その後、浄土宗信者であった虎胤に信玄が日蓮宗に改宗するよう迫ると、虎胤はこれを拒絶したため甲斐を追放され、相模の北条家へ身を寄せます。

しかし、天文23年(1554年)に甲相駿三国同盟が結ばれた際に武田家に戻り、北条氏康は虎胤に惜別の念を表したといわれます。

永禄4年(1561年)の信濃割ヶ嶽城の攻略で負傷して以降、虎胤は合戦に参加せず一線を退き、永禄7年(1564年)に病没しました。

子孫

虎胤には横田康景、盛胤、重胤の3人の息子と2人の娘がいたとされ、康景は武田家足軽大将・横田高松の婿養子になって横田姓を名乗り、天文19年(1550年)の戸石城攻め(砥石崩れ)で養父・高松が戦死すると家督を継いで信玄に仕えました。

その後は足軽大将として騎馬30騎・足軽100人を与えられ、信玄没後は武田勝頼に仕えましたが、天正3年(1575年)の長篠の戦いで51歳で戦死しました。

次男・盛胤は虎胤没後、原家の家督を継いで信玄・勝頼に仕えましたが、兄と同じく長篠の戦いで戦死し、三男・重胤の家系は武田家滅亡後に真田昌幸を頼って落ち延び、松代藩・沼田藩真田家に仕えたといわれています。

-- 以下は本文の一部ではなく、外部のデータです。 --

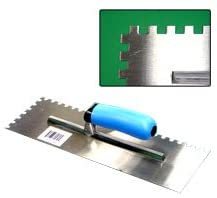 2 Pack Of 4-1/2" x 12" Notched Finishing Hand Trowels With Easy Grip, Needed Tool For Every Masonry Set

虎胤の2人の娘のうち、1人は「鬼虎」と呼ばれた小畠虎盛の子・小幡昌盛の正室となり、信玄が「鬼(鬼虎)の子には鬼(鬼美濃)の娘が相応しい」として婚姻を取り計らったといわれ、もう1人の娘は武田足軽大将・初鹿野忠(はじかの ただつぐ)の側室となりました。